There were certain things she couldn't do anymore. She was going to be a heart surgeon. She had a mission in life. Once she became a zombie, the only way she could see herself existing was by working in the morgue. She had to give [heart surgery] up, and suddenly it was like losing her purpose in life. She thought she met the guy she was going to marry, and then that is stripped from her. It's taken from her because she can't marry a guy that she can't have sex with. Every day she can be afraid that she is going to trip, grab him and scratch him, turning him into a zombie. The best things in her life were taken away from her. As we meet her in the pilot, we wanted it to feel like she barely knows why she gets out of bed in the morning. As we begin the episode her attitude is very much, "What's the point of going on? I'm not saving lives. I'm working with dead people and eating their brains." And so by figuring out a way to use the zombie ability of hers to experience the memories of the dead, it gave her a reason to go on.
Normal people would kill a zombie upon discovering their existence. Instead, Ravi turns into an unexpected ally for Liv as he aims to help find a cure. What is it that drives him to want to help her?
Ravi has the Loch Ness monster drop into his lap. For a guy who worked at the CDC and thought he was going to work there forever — it was his career goal — he just had a medical miracle drop into his lap. It was also a necessary writing point that we had a character that would be jazzed by that idea. We wanted the energy of Scotty from the new Star Trek movies: He should always feel like he had three Red Bulls.
As minor of an outbreak as it was, how important to the series is discovering what caused the outbreak in the first place?
It's definitely going to play as a big plot machination in season one and into season two at the very least. Part of what Ravi and Liv will be chasing in season two will be the Holy Grail of finding the concoction to turn people into zombies. That's going to be part of the mythology that we'll keep diving back into. At some point we have to solve it, but I don't think we can play that as a 100-episode mystery, but it will at least go into season two.

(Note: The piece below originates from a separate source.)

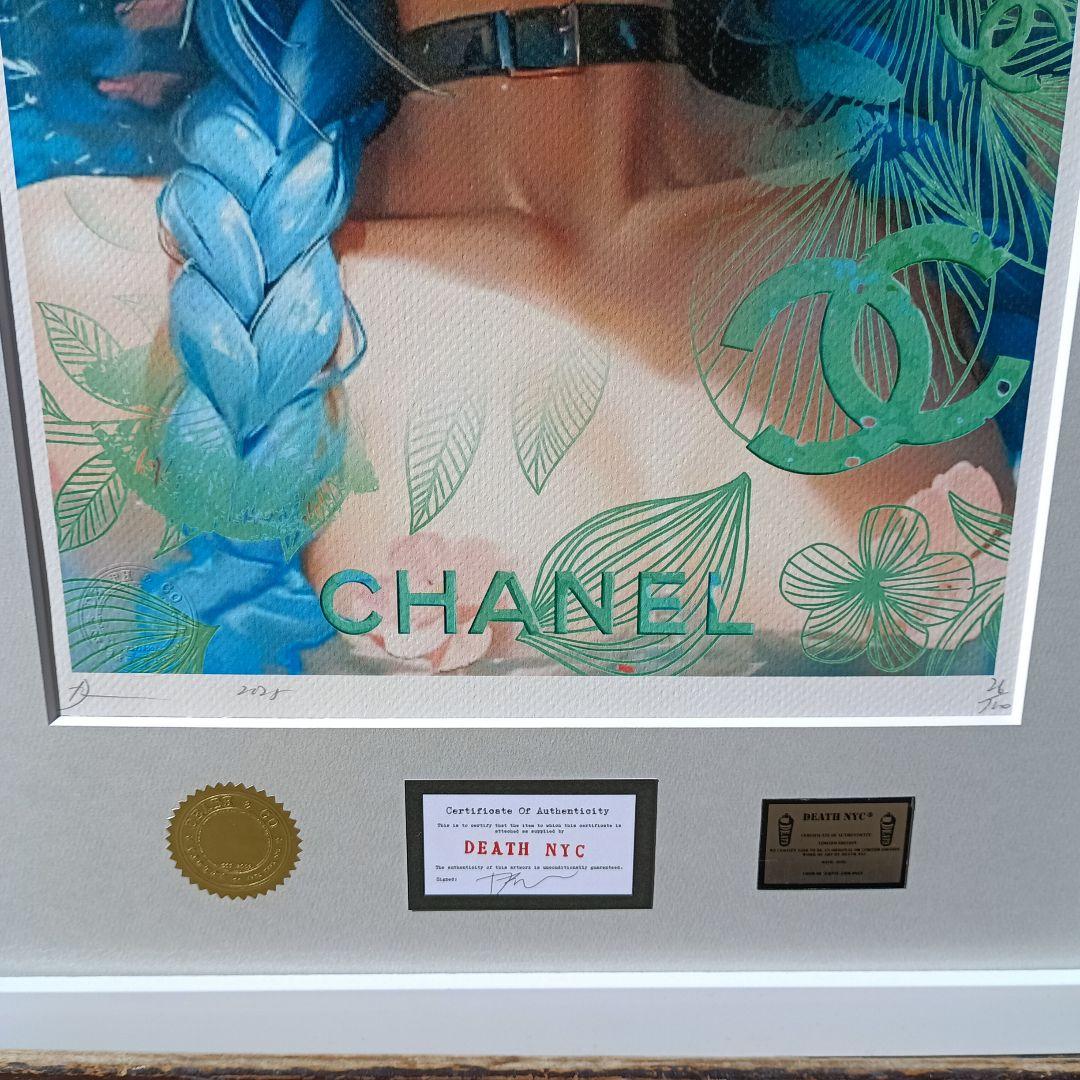 DEATH NYC AW62 - メルカリ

Did DC have any notes for you on the adaptation?
We had a Hulk joke in the pilot script that they asked us to take out (laughs). Injecting Marvel comics into the universe was a no-go. I think the joke simply was Liv at the end of the pilot saying something like, "Zombie smash!" We varied a good distance away from the comic book and they have been cool about that. They want us to be very consistent with the rules.
Will there be any Veronica Mars actors dropping by?
In season one, we have three Veronica Mars people: Percy Daggs (Wallace), Ryan Hansen (Dick) and Daran Norris (Cliff). Hopefully we'll see more of them.
Is iZombie connected to the DC TV universe with Arrow, Flash and potentially Supergirl?
Not as far as I know. We have no plans on crossing over. I would really need to think about it if anyone ever decided that needed to happen for some sort of synergy reason. But no, there haven't been any talks of iZombie existing in the same universe as The Flash or Arrow.
iZombie premieres Tuesday, March 17, at 9 p.m. on The CW. Will you watch?